How to complete this task = Your answer must be an exact copy of the records, with no pictures included.
________________________________________
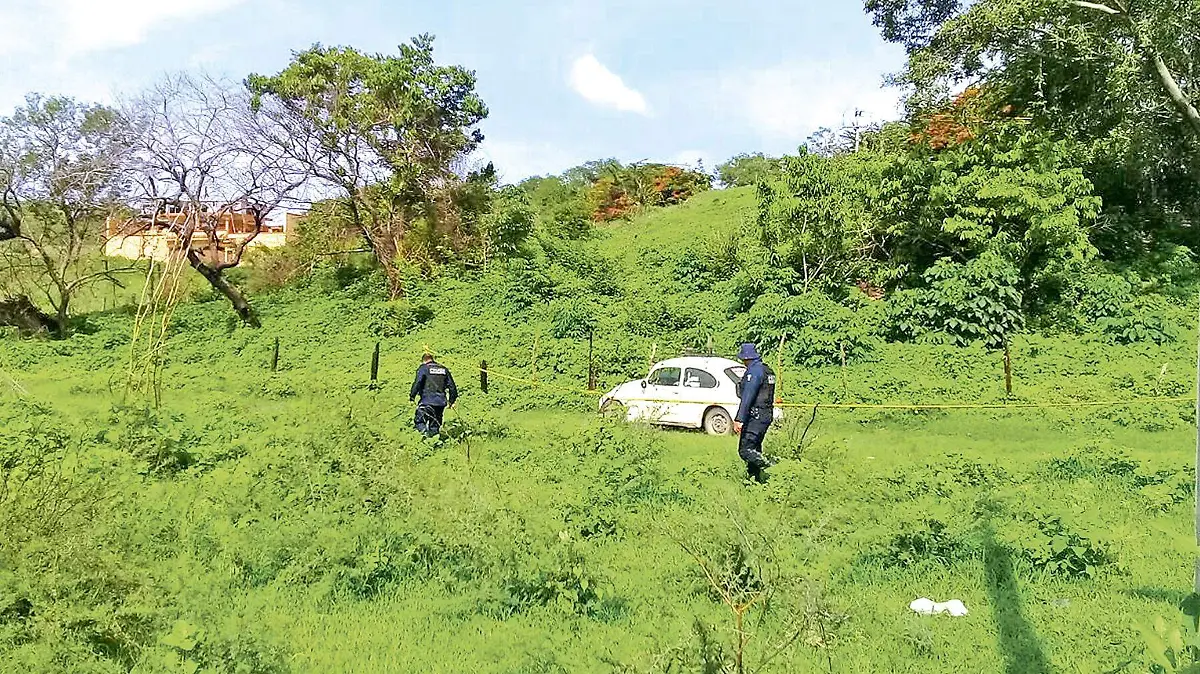 Putrefacto en Iguala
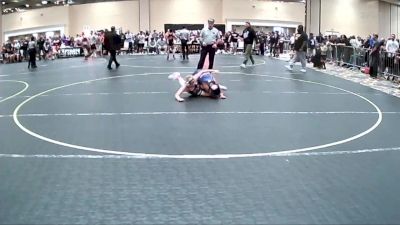 100 lbs Consolation - Cain Lopez, Peterson Grapplers vs Ryan Munson, Lawc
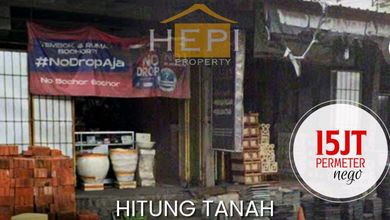 Jual Tanah Lokasi Cluster Tembalang View Danau dan Taman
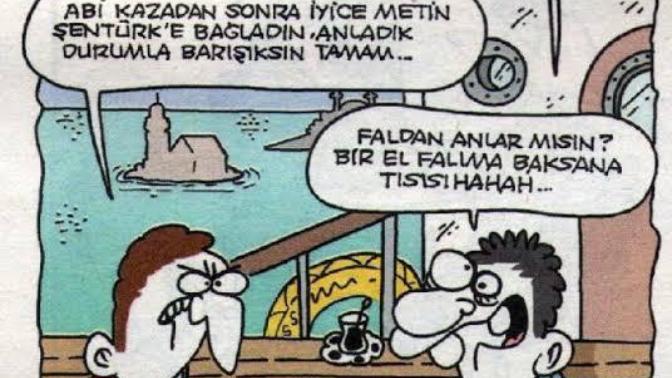 Kendinizle barışık mısınız?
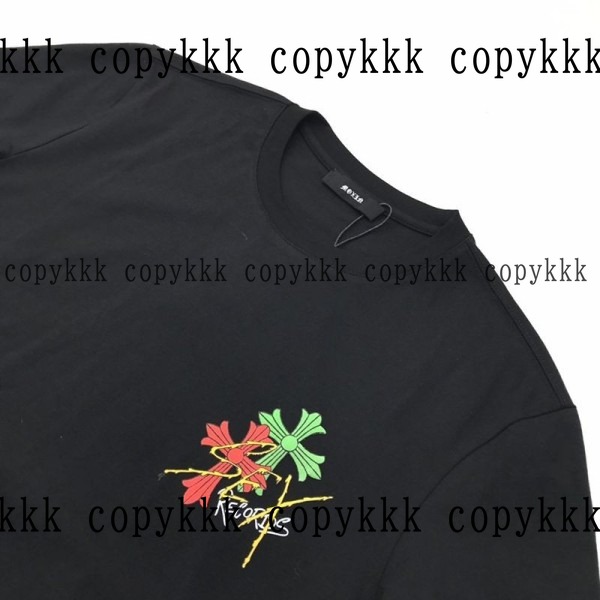 クロムハーツ 半袖 N級品 送料無料 - clothing-00428 画像 3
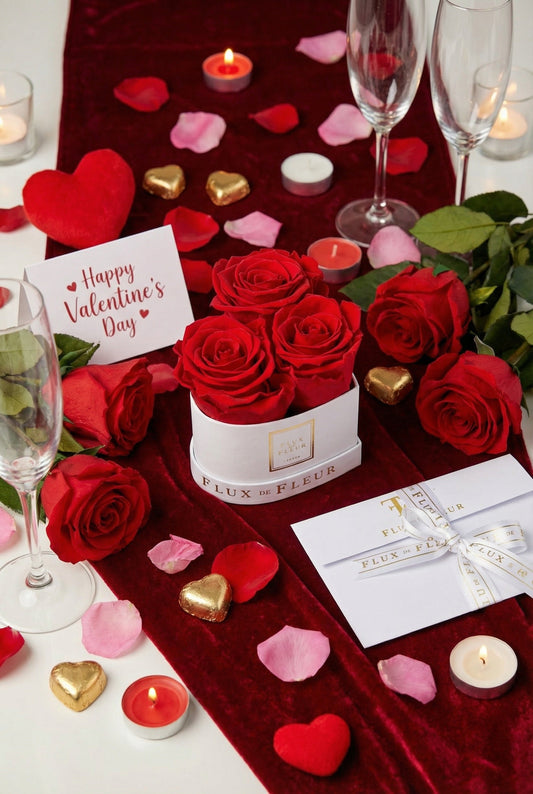 18 FACTS ABOUT VALENTINE FLOWER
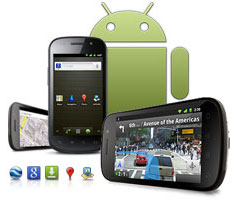 Samsung Nexus S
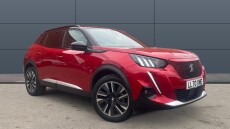Peugeot 2008 100kW GT 50kWh 5dr Auto Electric Estate
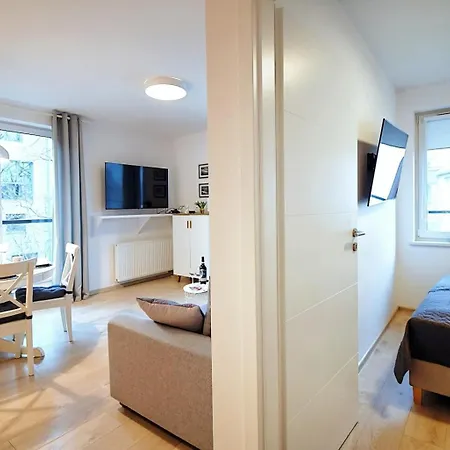 Apartman Ze Strefa Wellness & Family - By Onholiday Ulica Poleska *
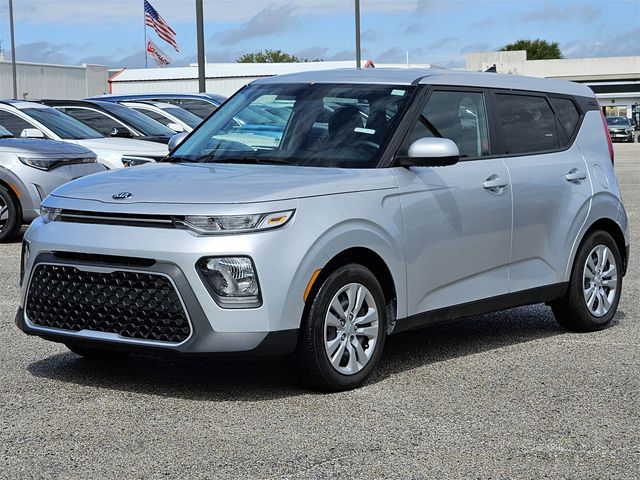 2021 Kia Soul LX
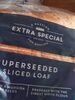 Superseded sliced loaf bread - نتاج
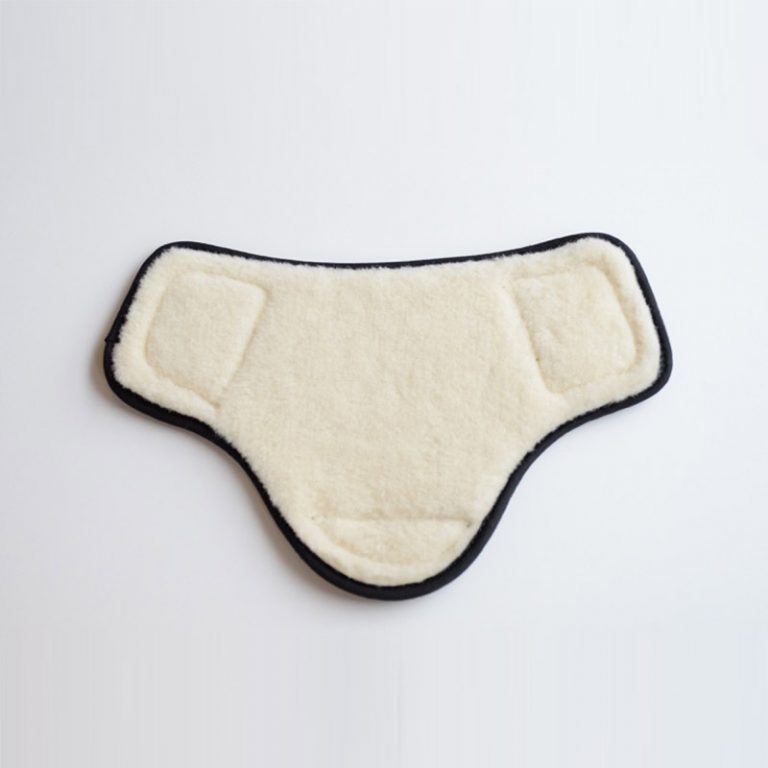 EquiFit SheepsWool ImpacTeq Replacement Liner - Image 2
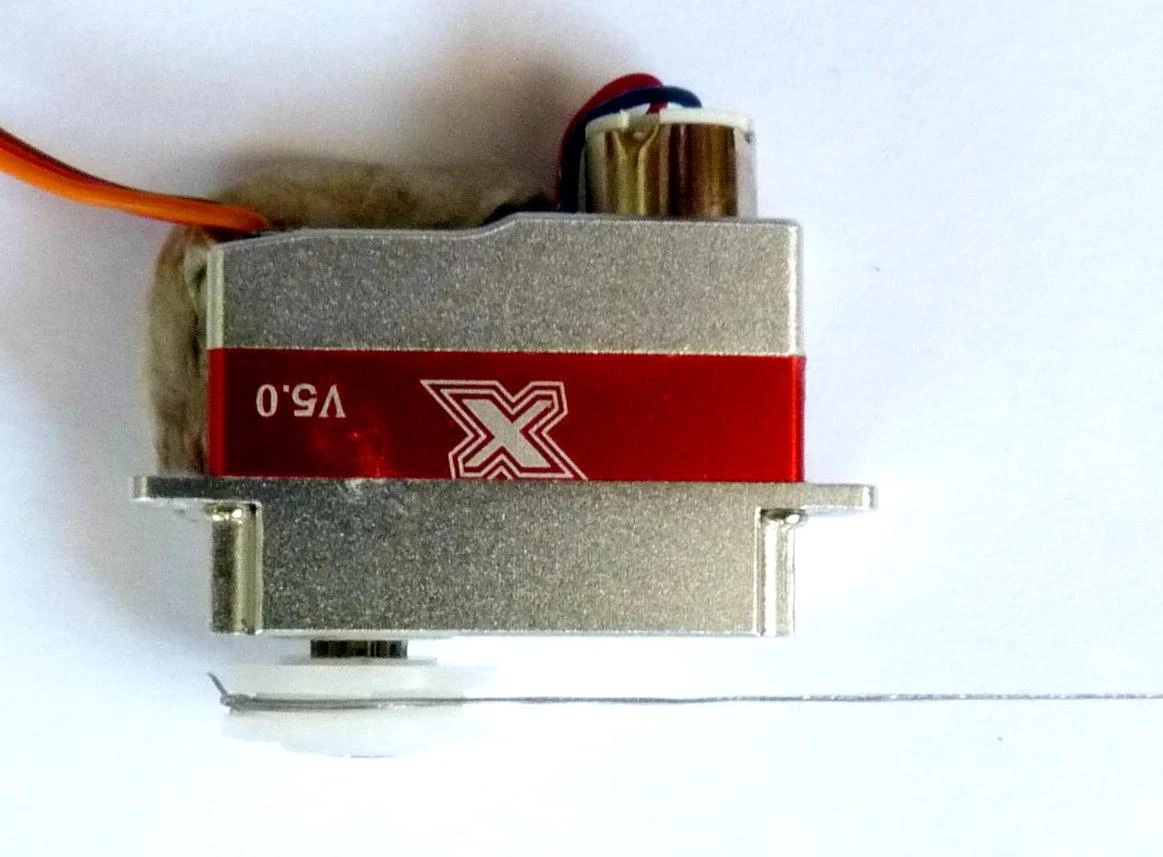 Pulley For KST X08 & X06 Servos (4) 8 Pulley For KST X08 & X06 Servos (4) - Image 6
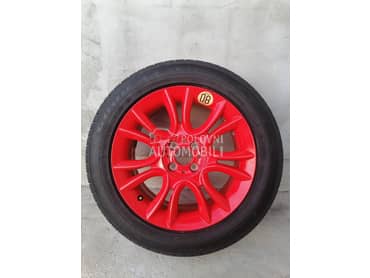 Rezervni točak,alat za Lancia Delta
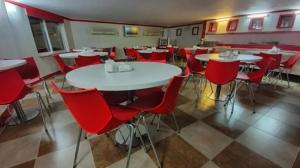 هتل ناز 1 بندرعباس رستوران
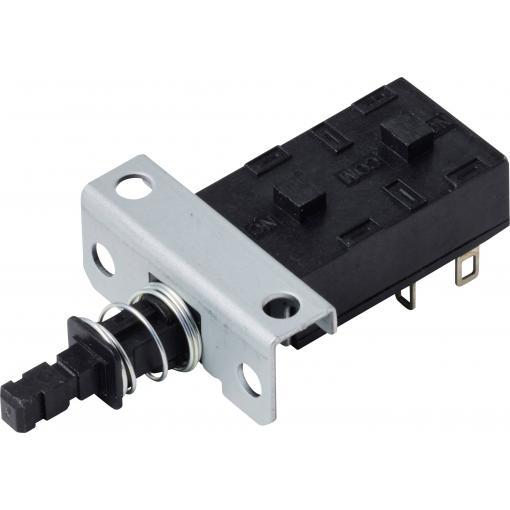 TRU COMPONENTS, TC-13599524 Hlavní vypínač, 250 V/AC, 6 A, 1 ks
________________________________________
Response for this exercise =
 Putrefacto en Iguala
 100 lbs Consolation - Cain Lopez, Peterson Grapplers vs Ryan Munson, Lawc
 Jual Tanah Lokasi Cluster Tembalang View Danau dan Taman
 Kendinizle barışık mısınız?
 クロムハーツ 半袖 N級品 送料無料 - clothing-00428 画像 3
 18 FACTS ABOUT VALENTINE FLOWER
 Samsung Nexus S
Peugeot 2008 100kW GT 50kWh 5dr Auto Electric Estate
 Apartman Ze Strefa Wellness & Family - By Onholiday Ulica Poleska *
 2021 Kia Soul LX
 Superseded sliced loaf bread - نتاج
 EquiFit SheepsWool ImpacTeq Replacement Liner - Image 2
 Pulley For KST X08 & X06 Servos (4) 8 Pulley For KST X08 & X06 Servos (4) - Image 6
 Rezervni točak,alat za Lancia Delta
 هتل ناز 1 بندرعباس رستوران
 TRU COMPONENTS, TC-13599524 Hlavní vypínač, 250 V/AC, 6 A, 1 ks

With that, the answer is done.